The antimicrobial stewardship team and HIV specialists determined that an enhanced system would be necessary to prevent ARV errors before they actually occur. In 2011, customized order-entry sets (COES) for ARV medications were developed and implemented in our institution to further prevent ARV-related errors prospectively in addition to CPOE and periodic educational in-service sessions (Figure 1). CPOE with COES prevents prescribers from ordering incomplete regimens, provides dosing guidance based on renal function and concomitant drug therapy, and flags contraindicated drug interactions prior to the commission of potential ARV errors in real time. The objective of this study was to evaluate the effect of CPOE with COES on error rates of initial ARV orders for inpatients with HIV infection prior to reconciliation of orders by HIV clinical specialists and pharmacists.
Figure 1.
Examples of Customized Order-Entry Sets
Customized order-entry sets within the computerized prescriber order-entry system offer guidance on drug interactions and dosage for specific settings—in these examples, when prescribing atazanavir (A) and on dose adjustment for renal insufficiency for prescribing coformulated emtricitabine and tenofovir (B).
METHODS
Study Population and Setting
Our institution is a 1,400-bed academic health care system in the Bronx, New York, with more than 90,000 inpatient admissions annually, of which more than 1,700 are for HIV-infected individuals. In a Bronx population of nearly 1.4 million people, more than 23,000 are living with HIV.27 The system is one of the few regional hospitals with a dedicated team consisting of a medical director, a nurse practitioner, and social workers who monitor the care of any patient admitted with the diagnosis of HIV. Our institution does not maintain a dedicated HIV patient-care unit; rather, patients are cared for throughout the hospital on units appropriate to their medical or surgical needs.
The study was approved by the Montefiore Medical Center/Albert Einstein College of Medicine institutional review board.
Data Collection
The time frames reviewed were September 2010 to February 2011 (a six-month period before implementation of the COES in August 2011) and September 2011 to February 2012. The charts of all hospitalized adult patients (older than 18 years of age) for whom ARVs were ordered were retrospectively reviewed.
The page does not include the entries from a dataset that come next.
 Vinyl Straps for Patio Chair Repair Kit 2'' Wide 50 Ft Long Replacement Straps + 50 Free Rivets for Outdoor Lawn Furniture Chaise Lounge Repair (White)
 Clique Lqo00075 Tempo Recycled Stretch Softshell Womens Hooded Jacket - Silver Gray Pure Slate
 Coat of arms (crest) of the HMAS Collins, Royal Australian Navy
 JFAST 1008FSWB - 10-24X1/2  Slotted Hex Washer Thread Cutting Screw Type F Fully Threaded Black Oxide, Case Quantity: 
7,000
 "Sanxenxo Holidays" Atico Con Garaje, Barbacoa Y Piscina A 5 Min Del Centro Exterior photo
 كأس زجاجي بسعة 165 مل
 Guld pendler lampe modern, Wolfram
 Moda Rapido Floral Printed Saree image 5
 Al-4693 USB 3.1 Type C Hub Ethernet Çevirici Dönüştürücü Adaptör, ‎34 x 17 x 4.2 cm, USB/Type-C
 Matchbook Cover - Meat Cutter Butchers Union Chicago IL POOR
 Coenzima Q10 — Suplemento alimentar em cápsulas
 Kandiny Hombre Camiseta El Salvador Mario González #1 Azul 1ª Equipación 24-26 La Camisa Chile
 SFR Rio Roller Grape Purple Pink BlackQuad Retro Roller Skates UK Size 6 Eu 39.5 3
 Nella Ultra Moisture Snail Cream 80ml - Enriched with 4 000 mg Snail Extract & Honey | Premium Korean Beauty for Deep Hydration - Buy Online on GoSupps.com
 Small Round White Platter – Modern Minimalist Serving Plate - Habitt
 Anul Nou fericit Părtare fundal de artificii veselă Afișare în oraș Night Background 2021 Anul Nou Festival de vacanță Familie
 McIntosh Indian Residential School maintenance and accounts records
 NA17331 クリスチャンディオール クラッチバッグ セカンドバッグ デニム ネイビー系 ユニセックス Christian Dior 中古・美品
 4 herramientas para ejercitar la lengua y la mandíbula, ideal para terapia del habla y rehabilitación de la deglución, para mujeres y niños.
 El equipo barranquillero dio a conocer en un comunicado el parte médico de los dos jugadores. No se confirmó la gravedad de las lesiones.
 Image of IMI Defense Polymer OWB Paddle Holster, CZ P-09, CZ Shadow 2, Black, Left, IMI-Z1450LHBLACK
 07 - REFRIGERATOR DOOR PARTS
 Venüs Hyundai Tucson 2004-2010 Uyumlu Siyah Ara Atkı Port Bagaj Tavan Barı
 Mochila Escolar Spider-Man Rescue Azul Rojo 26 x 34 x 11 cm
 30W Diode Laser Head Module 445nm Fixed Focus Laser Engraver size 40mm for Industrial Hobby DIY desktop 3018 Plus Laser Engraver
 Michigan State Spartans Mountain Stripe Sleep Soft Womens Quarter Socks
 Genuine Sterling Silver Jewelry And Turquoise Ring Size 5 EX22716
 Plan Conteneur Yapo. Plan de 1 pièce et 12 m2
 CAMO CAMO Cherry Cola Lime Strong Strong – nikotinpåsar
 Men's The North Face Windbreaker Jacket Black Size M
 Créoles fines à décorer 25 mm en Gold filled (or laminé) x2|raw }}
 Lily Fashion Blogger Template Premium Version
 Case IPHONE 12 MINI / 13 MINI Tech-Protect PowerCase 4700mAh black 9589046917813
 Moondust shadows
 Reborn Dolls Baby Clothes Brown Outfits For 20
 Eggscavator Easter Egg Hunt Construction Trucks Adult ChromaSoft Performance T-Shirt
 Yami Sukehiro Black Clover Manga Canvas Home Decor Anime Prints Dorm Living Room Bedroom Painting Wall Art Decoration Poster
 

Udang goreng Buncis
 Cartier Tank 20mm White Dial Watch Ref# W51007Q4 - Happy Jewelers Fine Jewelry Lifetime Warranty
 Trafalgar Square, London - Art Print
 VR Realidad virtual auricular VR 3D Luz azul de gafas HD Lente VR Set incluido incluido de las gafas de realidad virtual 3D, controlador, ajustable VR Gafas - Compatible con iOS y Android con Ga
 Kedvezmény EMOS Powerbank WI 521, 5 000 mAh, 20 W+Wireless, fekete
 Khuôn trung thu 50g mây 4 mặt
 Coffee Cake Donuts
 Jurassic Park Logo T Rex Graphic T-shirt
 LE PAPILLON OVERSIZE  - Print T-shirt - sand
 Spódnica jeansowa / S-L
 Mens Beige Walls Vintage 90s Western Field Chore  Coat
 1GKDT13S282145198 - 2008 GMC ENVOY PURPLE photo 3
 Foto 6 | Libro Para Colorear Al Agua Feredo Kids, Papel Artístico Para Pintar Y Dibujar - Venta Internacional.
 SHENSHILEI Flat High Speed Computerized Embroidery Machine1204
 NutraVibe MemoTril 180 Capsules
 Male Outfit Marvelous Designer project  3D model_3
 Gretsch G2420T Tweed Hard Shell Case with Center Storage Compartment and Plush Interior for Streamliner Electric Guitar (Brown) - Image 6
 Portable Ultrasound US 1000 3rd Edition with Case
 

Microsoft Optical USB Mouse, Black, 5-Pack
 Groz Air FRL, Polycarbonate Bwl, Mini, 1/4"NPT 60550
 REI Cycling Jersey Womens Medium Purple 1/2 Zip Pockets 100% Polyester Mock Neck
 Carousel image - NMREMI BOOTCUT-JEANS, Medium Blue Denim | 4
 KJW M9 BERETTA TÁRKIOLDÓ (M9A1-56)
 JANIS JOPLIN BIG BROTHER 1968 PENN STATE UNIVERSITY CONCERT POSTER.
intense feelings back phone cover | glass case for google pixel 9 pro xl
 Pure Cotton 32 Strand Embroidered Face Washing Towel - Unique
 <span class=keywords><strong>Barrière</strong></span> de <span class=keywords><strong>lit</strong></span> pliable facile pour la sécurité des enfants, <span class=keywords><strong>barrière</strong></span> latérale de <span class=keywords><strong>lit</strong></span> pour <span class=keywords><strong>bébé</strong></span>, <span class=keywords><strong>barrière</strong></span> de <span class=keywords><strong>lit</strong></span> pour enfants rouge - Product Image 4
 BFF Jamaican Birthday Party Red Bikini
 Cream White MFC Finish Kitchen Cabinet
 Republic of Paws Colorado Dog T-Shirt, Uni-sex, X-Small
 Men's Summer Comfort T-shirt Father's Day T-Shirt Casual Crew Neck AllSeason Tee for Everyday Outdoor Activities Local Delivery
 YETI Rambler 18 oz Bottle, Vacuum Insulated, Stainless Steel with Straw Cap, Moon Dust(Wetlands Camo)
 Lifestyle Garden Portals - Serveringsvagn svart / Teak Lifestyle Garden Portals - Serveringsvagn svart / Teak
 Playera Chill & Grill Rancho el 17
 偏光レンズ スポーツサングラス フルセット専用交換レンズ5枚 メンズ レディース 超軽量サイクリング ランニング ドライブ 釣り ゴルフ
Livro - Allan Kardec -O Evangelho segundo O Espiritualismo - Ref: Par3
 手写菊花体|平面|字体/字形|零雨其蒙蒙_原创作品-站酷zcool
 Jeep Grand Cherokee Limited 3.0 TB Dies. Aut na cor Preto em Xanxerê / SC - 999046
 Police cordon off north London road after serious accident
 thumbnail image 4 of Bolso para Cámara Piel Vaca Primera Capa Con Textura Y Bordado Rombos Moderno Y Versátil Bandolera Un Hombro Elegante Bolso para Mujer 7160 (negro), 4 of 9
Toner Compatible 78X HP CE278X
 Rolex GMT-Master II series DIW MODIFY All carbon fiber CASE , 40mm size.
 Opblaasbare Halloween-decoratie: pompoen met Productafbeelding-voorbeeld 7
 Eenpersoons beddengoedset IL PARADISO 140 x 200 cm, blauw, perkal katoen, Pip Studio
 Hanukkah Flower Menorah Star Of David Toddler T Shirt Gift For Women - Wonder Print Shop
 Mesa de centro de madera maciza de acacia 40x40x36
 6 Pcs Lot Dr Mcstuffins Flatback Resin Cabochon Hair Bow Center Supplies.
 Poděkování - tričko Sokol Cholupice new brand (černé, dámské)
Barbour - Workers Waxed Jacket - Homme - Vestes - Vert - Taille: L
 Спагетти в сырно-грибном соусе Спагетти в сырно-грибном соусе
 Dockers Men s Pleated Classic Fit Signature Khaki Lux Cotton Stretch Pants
Patients without HIV infection who were prescribed lamivudine or tenofovir for hepatitis B infection were excluded. Patient characteristics obtained included age, sex, race, medical service, HIV viral load, CD4 cell count, creatinine clearance (estimated based on the Cockcroft–Gault equation), ARV regimens initially prescribed, and medications with the potential for drug–drug interactions. The CD4 cell counts and HIV viral load results used in this study were those values within six months of and closest to the dates of admission.
ARV regimens were classified as consisting of a single-formulation preparation (e.g., emtricitabine/tenofovir/efavirenz [Atripla, Gilead Sciences]), protease inhibitor (PI)-based, or non–PI-based. Prescribing errors were categorized as incomplete regimens, incorrect ARV drug, incorrect dosing of at least one ARV drug, incorrect scheduling frequency, incorrect dosing of at least one drug for renal insufficiency, and regimens that included an agent with interaction potential with another prescribed drug.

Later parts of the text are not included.